Jansyerik Maratkhan

Personal information
- Full name: Jansyerik Maratkhan Жансерик Маратхан
- Date of birth: 4 April 1999 (age 27)
- Place of birth: Bayan-Ölgii Province, Mongolia
- Height: 1.74 m (5 ft 9 in)
- Positions: Midfielder; forward;

Team information
- Current team: SP Falcons
- Number: 9

Youth career
- 2008–2018: Deren

Senior career*
- Years: Team / Apps / (Gls)
- 2008–2019: Deren
- 2020–: SP Falcons

International career^{‡}
- 2018–: Mongolia / 13 / (2)

= Jansyerik Maratkhan =

Mongolian footballer

Jansyerik Maratkhan (Жансерик Маратхан; born 4 April 1999) is a Mongolian footballer who plays as an attacking midfielder for Mongolian Premier League club SP Falcons and the Mongolian national team.

==Club career==
Jansyerik played for Deren FC from 2008 to 2019. Prior the 2020 Mongolian National Premier League season, he joined SP Falcons. He made his debut for the club in the opening match of the season, a 1–0 victory over his former club, Deren.

==International career==
On 8 November 2017 Jansyerik scored a hattrick against Singapore in a 4–2 victory in 2018 AFC U-19 Championship qualification. He made his senior international debut on 2 September 2018 in a 2019 EAFF E-1 Football Championship match against Macau.

===International goals===
Score and result list Mongolia's goal tally first.

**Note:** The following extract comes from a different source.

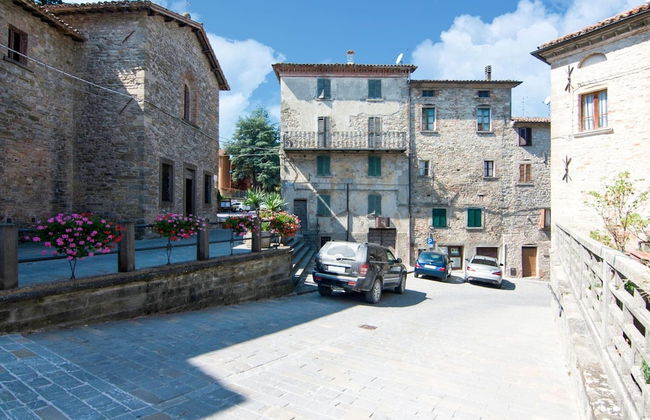 Cozy Farmhouse in Apecchio with Hot Tub - Foto 31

| # | Date | Venue | Opponent | Score | Result | Competition |
| 1 | 4 September 2018 | MFF Football Centre, Ulaanbaatar, Mongolia | Northern Mariana Islands | 8–0 | 9–0 | 2019 EAFF E-1 Football Championship |
| 2 | 16 October 2018 | New Laos National Stadium, Vientiane, Laos | Laos | 4–1 | 4–1 | Friendly |
Last updated 18 November 2018

===International career statistics===

Mongolia national team
| Year | Apps | Goals |
| 2018 | 7 | 2 |
| Total | 7 | 2 |

==Personal life==
Jansyerik was born in Bayan-Ölgii Province. He is an Muslims from ethnic Kazakh.